One problem for me was a result of the spaciousness; it seemed the distance to the nearest restroom was considerable no matter where you were. Problem – I’m awaiting hip replacement. There were a few “clerical issues” that caused some problems that aggravated, but were overcome.
That said, I’d highly recommend attending the Unicorn Writers Conference. I’ll return. At the risk of redundancy, the collection of agents, editors, and faculty was one of the best assembled at a conference I’ve attend in twenty plus years of going to these events. The review sessions were long enough to be of value, not a ten minute quickie that allows for no depth of analysis. Go.
As I mentioned in a previous post, the interchange with fellow authors allows you to learn and to educate. I picked up some great research sources, names of some important publishing contacts, etc. My gray hair and my list of traditionally published novels generated one repeated question from those starting on the “trail of tears.” The question was “What is the one most critical piece of advice you have for aspiring writers?” My answer – Don’t rush the process! First, don’t just sit down and hope something will happen magically at the keyboard. Find a topic, idea, or cause that you wish to champion … one you can address with passion … then WRITE! Remember the authoring process has just begun when you finish your first draft. Wash, polish, wax then strip and begin again. When you think it’s perfect, repeat the process. The reason there is more manure in the literary pipeline than a Washington DC sewer is the failure strive for supreme quality.
Odds & Ends:
My book, Bully Route Home, is released. It might take your favorite bookstore or online source a little time to get it to you.
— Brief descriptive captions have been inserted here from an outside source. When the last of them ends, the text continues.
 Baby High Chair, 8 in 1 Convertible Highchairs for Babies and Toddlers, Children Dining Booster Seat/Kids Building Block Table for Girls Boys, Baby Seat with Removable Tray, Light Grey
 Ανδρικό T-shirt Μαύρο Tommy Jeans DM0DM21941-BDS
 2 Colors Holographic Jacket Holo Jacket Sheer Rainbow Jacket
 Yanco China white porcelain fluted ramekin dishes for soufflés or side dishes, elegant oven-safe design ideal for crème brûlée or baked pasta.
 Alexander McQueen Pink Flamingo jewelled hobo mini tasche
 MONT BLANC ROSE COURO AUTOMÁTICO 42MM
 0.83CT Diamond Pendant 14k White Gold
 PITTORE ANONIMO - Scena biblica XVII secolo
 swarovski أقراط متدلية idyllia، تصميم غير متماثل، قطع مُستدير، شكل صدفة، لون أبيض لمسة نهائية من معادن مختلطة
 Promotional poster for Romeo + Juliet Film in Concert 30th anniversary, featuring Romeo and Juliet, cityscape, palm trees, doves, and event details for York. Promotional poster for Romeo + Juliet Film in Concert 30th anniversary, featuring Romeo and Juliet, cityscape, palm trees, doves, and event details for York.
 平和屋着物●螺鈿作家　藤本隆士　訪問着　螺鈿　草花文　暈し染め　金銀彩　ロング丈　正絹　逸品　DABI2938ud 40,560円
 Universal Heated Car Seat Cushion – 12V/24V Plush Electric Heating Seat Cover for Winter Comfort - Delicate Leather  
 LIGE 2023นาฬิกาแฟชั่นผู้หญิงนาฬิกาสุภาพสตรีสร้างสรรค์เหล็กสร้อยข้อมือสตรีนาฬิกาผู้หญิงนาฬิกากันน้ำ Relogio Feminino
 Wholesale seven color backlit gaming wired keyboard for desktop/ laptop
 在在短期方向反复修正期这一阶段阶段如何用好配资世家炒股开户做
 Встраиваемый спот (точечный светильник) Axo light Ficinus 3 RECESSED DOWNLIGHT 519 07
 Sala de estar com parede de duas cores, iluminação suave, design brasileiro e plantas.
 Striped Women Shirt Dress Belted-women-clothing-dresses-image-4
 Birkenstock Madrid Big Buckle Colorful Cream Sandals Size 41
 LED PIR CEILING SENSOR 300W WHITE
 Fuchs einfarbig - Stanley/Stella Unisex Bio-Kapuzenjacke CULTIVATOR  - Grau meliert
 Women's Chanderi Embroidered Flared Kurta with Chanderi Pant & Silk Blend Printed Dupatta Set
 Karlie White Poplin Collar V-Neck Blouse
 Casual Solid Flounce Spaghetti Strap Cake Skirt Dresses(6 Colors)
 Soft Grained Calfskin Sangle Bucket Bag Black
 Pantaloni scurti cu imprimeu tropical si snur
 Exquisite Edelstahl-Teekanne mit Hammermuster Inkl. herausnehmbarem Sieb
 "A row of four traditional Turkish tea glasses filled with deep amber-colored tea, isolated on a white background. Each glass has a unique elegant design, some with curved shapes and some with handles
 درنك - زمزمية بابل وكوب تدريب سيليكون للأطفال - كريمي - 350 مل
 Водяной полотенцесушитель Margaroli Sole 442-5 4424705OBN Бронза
My publisher is in the process of changing distributors and, well, #@%!$&*#@ !!!! Be patient. If you want it quickly, I have a limited number. You can go to my web site and order from me. Use the link in the right hand column.
I met some wonderful new folks like Bob Zaslow, Stephanie Evanovich, Chuck Miceli, and Gail Cleare … and renewed some old ones with super people like Kathy Sands. (I’m her Gator Man.) I’ll talk about these in future posts.
Definition of frustration: Having a nine state, thirty-one book store tour set to introduce your new book, bbbbuuuutttt having to go to the first three-quarters sans books. Sigh. A flyer for a substitute is like hunting lions with a sling-shot.